The Government, according to their response,
“expect that the changes to interpreters’ terms will increase the number and availability of Tier 1 and 2 interpreters”.
The changes, however, were not supported by the Professional Interpreters for Justice, the interpreters working for Capita or those with the tribunals service who attended meetings to discuss the changes. Will the Minister explain how she can be so certain that the changes will attract more well-qualified interpreters when 85% of well-qualified interpreters have made it clear that they will not work for Capita, because of the lowering of professional standards? Professional Interpreters for Justice made that clear back in March, and yet its advice, the responses to the consultation and my debate back in 2007 have been completely ignored.
As I said, the Select Committee report made it clear that nothing was fundamentally wrong with the quality of the service before the new contract was introduced. No one is suggesting that it was perfect or that improvements could not have been made, but fundamentally it worked well. No one has seriously tried to defend the changes on the basis of driving up standards; they have always been about saving money.
The Justice Committee report recommended that the Department be clearer about the true costs of the contract. The Department, in its response, claimed that the framework agreement had made significant savings over the first year of the contract, but it failed to provide any evidence to back up that claim. The Government’s response recognises that certain costs are difficult to calculate, admitting:
“Reasons for a hearing adjournment are not routinely recorded, so it is difficult to identify adjournments for interpreting problems. However, we would expect any difficulties with interpreting to be raised through the complaints system by staff.”
If so, how can the Minister be certain that savings have been made? The simple answer is that it is impossible to be certain whether any savings have been made under the contract.
In reality, the savings claimed by the MOJ do not include the costs of court delays, case adjournments, repeated remands in custody for offenders and all other related expenses of underperformance, including those of court clerks who have booked interpreters outside the contract because of Capita’s poor service—that goes on, and it goes on a lot. Has the Department made any assessment of such costs? If not, how can the MOJ stand by the claim that it has made significant savings in the first year of operation?

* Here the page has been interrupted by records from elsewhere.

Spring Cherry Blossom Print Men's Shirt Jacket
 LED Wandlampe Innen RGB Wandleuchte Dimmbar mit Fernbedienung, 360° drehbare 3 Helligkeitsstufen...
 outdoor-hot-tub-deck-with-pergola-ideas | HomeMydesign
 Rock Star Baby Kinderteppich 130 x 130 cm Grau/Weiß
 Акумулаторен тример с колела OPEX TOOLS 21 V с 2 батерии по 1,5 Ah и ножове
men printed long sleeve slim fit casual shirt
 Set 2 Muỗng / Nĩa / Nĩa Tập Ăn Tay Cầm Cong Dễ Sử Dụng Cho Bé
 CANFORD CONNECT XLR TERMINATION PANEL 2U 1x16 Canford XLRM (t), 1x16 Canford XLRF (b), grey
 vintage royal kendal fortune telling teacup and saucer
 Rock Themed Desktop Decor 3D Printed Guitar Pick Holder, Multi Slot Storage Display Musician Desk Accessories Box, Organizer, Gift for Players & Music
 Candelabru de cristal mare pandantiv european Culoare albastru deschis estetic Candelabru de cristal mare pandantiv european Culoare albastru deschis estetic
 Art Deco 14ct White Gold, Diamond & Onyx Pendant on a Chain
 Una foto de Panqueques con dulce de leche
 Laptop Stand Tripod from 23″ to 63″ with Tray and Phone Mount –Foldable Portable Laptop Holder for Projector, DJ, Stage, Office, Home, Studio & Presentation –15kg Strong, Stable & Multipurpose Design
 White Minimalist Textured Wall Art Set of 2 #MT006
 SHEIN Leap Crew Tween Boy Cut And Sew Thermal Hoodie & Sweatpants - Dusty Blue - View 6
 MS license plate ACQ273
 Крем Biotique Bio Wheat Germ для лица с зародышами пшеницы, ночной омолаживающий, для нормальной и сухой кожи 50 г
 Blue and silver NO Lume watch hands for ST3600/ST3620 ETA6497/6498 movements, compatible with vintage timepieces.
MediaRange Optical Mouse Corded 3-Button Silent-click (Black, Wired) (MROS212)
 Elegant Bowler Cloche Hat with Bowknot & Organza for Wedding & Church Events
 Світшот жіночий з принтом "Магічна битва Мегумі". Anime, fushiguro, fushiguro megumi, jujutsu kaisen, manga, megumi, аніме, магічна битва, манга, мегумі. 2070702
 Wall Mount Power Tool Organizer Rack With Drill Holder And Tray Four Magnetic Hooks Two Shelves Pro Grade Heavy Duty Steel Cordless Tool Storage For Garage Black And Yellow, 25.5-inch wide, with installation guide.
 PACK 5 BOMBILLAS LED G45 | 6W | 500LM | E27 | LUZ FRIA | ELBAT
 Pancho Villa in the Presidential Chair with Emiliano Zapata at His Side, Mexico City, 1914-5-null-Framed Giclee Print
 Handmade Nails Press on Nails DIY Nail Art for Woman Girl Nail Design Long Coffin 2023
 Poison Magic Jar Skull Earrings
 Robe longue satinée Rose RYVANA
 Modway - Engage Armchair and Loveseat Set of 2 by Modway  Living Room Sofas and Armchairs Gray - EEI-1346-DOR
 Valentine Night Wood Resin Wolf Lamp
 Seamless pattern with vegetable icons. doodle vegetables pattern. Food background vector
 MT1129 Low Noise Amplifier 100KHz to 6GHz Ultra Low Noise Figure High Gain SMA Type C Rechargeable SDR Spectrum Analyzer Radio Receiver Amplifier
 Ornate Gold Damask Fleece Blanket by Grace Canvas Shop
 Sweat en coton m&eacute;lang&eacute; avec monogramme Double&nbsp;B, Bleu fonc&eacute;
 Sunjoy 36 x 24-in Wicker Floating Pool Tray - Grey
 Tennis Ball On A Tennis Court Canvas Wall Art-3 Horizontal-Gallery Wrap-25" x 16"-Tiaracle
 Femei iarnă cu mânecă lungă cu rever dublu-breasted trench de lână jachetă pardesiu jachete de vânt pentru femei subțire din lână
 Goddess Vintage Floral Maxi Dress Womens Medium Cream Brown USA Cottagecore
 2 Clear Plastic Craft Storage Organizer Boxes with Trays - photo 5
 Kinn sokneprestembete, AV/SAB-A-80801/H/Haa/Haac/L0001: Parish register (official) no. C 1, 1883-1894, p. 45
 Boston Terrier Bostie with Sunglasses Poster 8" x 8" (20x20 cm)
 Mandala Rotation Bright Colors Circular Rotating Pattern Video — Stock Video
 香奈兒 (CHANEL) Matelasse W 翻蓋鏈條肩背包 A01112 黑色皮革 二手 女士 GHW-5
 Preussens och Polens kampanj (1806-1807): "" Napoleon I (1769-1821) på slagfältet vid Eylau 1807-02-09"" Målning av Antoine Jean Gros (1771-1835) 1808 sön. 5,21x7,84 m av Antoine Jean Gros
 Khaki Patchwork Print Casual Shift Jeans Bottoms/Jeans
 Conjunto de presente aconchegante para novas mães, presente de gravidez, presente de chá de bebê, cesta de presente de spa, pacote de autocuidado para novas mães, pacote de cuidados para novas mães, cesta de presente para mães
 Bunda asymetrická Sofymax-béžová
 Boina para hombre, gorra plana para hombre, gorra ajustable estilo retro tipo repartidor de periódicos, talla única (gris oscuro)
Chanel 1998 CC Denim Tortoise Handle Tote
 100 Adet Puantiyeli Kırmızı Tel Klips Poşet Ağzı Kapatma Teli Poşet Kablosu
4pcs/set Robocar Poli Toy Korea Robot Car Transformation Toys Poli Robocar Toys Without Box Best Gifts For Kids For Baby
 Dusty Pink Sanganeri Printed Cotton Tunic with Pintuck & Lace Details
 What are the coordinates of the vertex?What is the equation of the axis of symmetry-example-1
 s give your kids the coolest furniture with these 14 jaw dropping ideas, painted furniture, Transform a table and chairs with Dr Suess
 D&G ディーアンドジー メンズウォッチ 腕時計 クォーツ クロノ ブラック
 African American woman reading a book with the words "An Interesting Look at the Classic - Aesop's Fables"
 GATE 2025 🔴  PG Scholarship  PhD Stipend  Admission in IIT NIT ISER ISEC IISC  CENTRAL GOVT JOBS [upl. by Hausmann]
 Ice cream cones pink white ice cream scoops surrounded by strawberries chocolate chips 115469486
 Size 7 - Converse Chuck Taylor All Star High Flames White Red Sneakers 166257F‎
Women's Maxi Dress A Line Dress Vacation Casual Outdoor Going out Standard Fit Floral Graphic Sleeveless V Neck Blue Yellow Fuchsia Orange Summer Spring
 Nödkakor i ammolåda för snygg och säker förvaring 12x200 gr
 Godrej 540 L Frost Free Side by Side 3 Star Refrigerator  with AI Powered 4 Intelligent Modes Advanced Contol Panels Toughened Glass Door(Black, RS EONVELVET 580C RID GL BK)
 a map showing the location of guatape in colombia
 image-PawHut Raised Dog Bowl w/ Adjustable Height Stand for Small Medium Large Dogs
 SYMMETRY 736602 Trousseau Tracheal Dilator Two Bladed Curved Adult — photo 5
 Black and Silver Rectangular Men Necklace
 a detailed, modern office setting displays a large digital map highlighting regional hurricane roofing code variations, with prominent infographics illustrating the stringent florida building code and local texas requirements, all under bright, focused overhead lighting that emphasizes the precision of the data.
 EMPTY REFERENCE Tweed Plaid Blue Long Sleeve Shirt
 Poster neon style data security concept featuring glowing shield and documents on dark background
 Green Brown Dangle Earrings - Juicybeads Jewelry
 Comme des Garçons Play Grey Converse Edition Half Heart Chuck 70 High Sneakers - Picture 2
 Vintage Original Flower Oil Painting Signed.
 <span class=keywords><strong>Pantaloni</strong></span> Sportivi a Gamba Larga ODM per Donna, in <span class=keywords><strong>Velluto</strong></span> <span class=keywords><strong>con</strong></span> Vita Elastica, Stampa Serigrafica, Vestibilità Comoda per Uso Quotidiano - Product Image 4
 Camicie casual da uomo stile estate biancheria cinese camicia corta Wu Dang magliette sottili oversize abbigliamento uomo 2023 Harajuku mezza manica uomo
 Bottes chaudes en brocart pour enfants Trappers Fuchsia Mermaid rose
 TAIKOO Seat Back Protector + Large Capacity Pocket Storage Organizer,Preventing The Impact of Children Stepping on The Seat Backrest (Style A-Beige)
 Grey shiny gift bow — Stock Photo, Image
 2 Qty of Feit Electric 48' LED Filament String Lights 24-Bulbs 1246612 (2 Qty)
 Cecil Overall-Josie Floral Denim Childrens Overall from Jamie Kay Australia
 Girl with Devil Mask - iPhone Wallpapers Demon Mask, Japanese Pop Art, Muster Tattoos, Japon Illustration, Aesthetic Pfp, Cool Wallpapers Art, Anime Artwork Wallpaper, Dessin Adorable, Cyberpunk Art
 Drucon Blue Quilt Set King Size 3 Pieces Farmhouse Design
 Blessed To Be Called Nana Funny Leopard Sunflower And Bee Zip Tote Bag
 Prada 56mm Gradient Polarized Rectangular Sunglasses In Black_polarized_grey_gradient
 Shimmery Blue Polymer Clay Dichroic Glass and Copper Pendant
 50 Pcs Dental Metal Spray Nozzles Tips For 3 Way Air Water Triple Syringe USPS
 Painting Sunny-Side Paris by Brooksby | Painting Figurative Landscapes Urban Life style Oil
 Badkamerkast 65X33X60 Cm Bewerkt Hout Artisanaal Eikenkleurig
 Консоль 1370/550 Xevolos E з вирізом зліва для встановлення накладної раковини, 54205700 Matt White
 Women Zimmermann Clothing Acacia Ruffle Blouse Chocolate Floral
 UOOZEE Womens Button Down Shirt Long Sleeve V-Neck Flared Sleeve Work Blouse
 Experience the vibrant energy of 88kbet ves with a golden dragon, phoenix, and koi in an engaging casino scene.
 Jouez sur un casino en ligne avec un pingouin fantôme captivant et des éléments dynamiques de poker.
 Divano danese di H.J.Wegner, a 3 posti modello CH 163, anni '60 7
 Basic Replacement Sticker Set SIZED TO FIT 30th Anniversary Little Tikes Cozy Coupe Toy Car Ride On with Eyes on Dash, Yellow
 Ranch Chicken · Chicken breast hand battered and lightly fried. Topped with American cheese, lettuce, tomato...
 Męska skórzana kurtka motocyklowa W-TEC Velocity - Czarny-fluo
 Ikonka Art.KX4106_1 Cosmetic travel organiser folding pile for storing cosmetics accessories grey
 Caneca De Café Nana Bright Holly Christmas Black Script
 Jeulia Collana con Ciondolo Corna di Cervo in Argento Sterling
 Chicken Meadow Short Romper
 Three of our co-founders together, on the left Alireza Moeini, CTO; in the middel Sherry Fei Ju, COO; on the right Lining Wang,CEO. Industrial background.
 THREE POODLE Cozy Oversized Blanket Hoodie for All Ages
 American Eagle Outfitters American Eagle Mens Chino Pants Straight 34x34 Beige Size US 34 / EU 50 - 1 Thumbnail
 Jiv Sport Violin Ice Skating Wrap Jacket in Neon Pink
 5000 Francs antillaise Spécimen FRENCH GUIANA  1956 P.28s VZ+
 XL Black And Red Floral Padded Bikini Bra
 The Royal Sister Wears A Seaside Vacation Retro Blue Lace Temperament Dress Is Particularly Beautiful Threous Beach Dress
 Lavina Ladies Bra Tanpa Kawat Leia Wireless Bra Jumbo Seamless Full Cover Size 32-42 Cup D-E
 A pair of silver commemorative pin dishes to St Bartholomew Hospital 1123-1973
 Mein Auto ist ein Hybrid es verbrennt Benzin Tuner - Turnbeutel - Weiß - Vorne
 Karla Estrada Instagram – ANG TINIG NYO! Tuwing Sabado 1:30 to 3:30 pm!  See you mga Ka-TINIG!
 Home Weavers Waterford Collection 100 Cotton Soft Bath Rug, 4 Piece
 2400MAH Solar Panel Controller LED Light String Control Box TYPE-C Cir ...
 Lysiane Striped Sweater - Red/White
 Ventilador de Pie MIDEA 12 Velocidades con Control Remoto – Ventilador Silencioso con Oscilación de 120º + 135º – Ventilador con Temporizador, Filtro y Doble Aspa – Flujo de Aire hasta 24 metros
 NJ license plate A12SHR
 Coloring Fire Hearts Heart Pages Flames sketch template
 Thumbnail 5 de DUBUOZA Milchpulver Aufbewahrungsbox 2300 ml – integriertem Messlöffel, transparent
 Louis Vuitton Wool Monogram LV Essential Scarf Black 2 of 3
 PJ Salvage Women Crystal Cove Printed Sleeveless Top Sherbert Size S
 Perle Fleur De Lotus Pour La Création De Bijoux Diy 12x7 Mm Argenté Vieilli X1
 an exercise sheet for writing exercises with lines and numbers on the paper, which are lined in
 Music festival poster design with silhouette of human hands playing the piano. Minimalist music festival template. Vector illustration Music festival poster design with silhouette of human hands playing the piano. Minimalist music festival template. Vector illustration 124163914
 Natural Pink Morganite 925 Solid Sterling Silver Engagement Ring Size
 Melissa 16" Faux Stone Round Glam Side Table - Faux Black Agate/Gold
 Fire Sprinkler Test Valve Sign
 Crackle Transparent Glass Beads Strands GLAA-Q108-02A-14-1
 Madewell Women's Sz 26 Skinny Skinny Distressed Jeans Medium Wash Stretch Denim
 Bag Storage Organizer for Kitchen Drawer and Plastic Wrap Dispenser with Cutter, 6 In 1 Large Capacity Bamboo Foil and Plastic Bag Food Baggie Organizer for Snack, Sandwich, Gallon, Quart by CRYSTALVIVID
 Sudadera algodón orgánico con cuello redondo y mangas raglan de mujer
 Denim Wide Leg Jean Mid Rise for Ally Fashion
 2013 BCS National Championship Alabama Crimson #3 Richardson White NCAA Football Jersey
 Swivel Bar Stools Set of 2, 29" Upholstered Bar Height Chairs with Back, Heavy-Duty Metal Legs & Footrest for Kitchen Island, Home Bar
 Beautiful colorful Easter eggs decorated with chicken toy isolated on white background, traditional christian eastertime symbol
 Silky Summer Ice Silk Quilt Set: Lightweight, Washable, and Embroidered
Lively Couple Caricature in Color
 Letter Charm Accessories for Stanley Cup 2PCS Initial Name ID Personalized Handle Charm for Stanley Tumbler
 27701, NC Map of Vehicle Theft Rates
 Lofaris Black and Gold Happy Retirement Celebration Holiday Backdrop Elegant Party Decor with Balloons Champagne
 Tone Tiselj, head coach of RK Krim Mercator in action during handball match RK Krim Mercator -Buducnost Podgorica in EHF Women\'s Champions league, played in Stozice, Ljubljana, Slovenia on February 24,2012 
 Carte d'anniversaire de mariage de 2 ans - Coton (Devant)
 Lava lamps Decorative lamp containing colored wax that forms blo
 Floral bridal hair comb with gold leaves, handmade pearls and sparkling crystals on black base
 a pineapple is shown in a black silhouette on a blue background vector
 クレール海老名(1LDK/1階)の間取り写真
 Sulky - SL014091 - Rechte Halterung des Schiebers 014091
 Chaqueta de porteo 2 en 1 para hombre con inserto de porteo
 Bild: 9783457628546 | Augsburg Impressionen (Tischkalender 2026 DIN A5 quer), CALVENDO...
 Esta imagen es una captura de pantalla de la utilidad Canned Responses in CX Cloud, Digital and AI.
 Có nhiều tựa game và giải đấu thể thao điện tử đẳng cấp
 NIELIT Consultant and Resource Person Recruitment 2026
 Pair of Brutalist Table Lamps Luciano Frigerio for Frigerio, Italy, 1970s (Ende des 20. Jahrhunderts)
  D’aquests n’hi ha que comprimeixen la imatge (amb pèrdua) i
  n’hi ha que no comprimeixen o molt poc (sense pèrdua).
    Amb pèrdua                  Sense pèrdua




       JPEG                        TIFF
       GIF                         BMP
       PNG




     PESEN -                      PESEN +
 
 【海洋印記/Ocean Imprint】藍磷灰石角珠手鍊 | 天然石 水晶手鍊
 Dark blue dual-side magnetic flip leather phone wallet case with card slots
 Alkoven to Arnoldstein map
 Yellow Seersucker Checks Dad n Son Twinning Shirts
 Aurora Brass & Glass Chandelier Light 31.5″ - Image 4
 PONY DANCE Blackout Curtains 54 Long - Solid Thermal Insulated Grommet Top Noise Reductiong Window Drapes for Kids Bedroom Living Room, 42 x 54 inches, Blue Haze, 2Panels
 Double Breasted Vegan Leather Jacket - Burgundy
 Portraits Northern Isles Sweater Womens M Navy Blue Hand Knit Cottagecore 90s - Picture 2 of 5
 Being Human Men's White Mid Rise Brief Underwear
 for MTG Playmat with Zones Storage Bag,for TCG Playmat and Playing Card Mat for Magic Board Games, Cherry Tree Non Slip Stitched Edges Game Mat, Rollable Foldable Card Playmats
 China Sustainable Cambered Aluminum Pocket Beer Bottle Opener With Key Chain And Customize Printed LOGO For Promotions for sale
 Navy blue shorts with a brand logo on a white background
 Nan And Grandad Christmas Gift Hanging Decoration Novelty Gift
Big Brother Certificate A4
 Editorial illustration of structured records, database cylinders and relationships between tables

I simply do not see how it can. Finally on cost, the Department estimated the staffing costs of liaising with Capita and overseeing performance at £315,000 between January 2012 and March 2013. Will the Minister confirm whether those costs are being reimbursed by Capita? How much will the ongoing costs be of ensuring that its performance continues to be thoroughly scrutinised?
We are not only talking about money; we must not forget justice and access to justice. In giving evidence, Mr Atkinson of the Law Society stated that while miscarriages of justice would occur infrequently, they were possible. Even one miscarriage of justice is one too many, but perhaps more concerning was his comment that
“people are spending time in custody for no reason other than the lack of an interpreter.”
Again, that is not acceptable.
As the right hon. Member for Kingston upon Hull West and Hessle said, 608 magistrates court trials and 34 Crown court trials were recorded ineffective in 2012, as a result of interpreters being unavailable—a 100% increase on the previous year. Does the Minister consider that acceptable? Furthermore, will the Minister tell the House how many defendants have remained in custody as a result of ineffective trials that are a direct result of an interpreter not being available?
I suspect that the Minister will tell me that she cannot answer any of those questions—that the data are not easily available and she does not know the answer. If so, she must accept that her Department cannot justify continuing to defend the contract, and that we must look seriously at cancelling it.